**WHAT TO DO**. Give back an exact copy of the lines in the records below, from the line that has "Remera De Mujer Play Game Juego Mano Control" through the line that has "Portable Air Cooler", and nothing besides.
--- DATA FOR PROCESSING Enclosed Below ---
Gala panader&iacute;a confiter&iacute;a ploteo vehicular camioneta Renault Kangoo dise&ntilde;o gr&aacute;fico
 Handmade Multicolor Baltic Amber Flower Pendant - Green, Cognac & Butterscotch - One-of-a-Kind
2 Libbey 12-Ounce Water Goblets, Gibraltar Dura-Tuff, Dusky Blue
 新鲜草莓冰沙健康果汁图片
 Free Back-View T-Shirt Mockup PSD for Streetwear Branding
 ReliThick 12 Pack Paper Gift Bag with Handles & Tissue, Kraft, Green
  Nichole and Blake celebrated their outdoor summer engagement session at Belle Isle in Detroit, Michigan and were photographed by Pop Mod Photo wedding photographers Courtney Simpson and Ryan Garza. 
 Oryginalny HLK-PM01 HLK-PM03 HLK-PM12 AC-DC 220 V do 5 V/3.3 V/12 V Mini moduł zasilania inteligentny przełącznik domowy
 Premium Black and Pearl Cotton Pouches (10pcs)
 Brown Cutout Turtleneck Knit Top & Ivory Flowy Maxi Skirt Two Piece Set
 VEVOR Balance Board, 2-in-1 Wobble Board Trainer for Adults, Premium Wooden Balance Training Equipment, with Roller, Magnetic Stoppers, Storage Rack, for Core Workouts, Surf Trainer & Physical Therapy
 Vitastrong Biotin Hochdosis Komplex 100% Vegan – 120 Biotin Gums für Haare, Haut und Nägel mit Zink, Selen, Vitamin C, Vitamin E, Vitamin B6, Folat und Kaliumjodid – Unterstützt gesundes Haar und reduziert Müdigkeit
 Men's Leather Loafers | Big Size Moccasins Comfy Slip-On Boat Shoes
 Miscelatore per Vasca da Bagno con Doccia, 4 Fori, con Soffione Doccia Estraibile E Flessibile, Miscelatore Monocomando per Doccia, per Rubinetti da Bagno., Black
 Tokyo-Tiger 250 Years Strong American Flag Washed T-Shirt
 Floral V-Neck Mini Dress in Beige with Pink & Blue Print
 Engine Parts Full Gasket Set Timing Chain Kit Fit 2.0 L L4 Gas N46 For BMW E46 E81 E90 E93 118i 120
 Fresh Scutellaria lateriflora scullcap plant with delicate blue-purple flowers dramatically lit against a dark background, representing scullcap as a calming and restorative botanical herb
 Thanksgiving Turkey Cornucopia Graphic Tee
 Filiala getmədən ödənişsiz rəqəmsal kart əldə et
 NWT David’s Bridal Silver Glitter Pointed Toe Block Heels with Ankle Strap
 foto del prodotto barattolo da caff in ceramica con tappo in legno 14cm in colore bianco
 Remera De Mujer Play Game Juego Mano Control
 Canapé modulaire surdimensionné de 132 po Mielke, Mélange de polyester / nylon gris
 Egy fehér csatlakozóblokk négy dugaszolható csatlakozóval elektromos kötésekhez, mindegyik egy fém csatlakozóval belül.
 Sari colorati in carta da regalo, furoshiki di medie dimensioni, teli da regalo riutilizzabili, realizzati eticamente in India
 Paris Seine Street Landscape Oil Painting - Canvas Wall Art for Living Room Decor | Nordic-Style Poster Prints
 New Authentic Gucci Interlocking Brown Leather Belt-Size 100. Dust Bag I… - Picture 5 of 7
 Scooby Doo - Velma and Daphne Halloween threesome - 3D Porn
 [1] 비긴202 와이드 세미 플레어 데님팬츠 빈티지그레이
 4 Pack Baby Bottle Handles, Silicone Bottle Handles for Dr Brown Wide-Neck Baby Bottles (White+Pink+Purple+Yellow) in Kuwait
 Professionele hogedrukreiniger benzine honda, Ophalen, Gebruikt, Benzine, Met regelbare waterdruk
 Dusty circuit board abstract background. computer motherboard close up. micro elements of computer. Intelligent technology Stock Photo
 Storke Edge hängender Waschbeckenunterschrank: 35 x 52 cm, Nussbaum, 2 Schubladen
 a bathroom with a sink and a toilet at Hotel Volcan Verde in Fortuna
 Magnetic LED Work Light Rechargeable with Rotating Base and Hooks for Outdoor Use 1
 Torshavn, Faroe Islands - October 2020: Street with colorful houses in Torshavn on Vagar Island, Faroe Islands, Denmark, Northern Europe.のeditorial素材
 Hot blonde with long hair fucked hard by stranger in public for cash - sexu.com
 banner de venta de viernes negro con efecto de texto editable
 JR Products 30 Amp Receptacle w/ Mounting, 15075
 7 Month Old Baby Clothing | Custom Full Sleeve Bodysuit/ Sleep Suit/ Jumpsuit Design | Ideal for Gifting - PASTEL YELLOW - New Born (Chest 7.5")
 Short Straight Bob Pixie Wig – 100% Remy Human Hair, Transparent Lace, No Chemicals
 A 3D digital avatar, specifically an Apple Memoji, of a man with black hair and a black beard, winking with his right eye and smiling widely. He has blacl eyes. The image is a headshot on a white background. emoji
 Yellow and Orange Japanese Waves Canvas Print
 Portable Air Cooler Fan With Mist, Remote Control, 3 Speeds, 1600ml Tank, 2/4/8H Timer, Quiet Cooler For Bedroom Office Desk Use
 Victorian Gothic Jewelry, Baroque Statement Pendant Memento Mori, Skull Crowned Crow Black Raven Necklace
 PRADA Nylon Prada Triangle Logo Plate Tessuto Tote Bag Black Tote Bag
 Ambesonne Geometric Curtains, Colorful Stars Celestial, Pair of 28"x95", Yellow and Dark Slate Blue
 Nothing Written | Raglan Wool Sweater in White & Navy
--- End of Enclosed DATA FOR PROCESSING ---
**SOLVED PROBLEM**.
 Remera De Mujer Play Game Juego Mano Control
 Canapé modulaire surdimensionné de 132 po Mielke, Mélange de polyester / nylon gris
 Egy fehér csatlakozóblokk négy dugaszolható csatlakozóval elektromos kötésekhez, mindegyik egy fém csatlakozóval belül.
 Sari colorati in carta da regalo, furoshiki di medie dimensioni, teli da regalo riutilizzabili, realizzati eticamente in India
 Paris Seine Street Landscape Oil Painting - Canvas Wall Art for Living Room Decor | Nordic-Style Poster Prints
 New Authentic Gucci Interlocking Brown Leather Belt-Size 100. Dust Bag I… - Picture 5 of 7
 Scooby Doo - Velma and Daphne Halloween threesome - 3D Porn
 [1] 비긴202 와이드 세미 플레어 데님팬츠 빈티지그레이
 4 Pack Baby Bottle Handles, Silicone Bottle Handles for Dr Brown Wide-Neck Baby Bottles (White+Pink+Purple+Yellow) in Kuwait
 Professionele hogedrukreiniger benzine honda, Ophalen, Gebruikt, Benzine, Met regelbare waterdruk
 Dusty circuit board abstract background. computer motherboard close up. micro elements of computer. Intelligent technology Stock Photo
 Storke Edge hängender Waschbeckenunterschrank: 35 x 52 cm, Nussbaum, 2 Schubladen
 a bathroom with a sink and a toilet at Hotel Volcan Verde in Fortuna
 Magnetic LED Work Light Rechargeable with Rotating Base and Hooks for Outdoor Use 1
 Torshavn, Faroe Islands - October 2020: Street with colorful houses in Torshavn on Vagar Island, Faroe Islands, Denmark, Northern Europe.のeditorial素材
 Hot blonde with long hair fucked hard by stranger in public for cash - sexu.com
 banner de venta de viernes negro con efecto de texto editable
 JR Products 30 Amp Receptacle w/ Mounting, 15075
 7 Month Old Baby Clothing | Custom Full Sleeve Bodysuit/ Sleep Suit/ Jumpsuit Design | Ideal for Gifting - PASTEL YELLOW - New Born (Chest 7.5")
 Short Straight Bob Pixie Wig – 100% Remy Human Hair, Transparent Lace, No Chemicals
 A 3D digital avatar, specifically an Apple Memoji, of a man with black hair and a black beard, winking with his right eye and smiling widely. He has blacl eyes. The image is a headshot on a white background. emoji
 Yellow and Orange Japanese Waves Canvas Print
 Portable Air Cooler Fan With Mist, Remote Control, 3 Speeds, 1600ml Tank, 2/4/8H Timer, Quiet Cooler For Bedroom Office Desk Use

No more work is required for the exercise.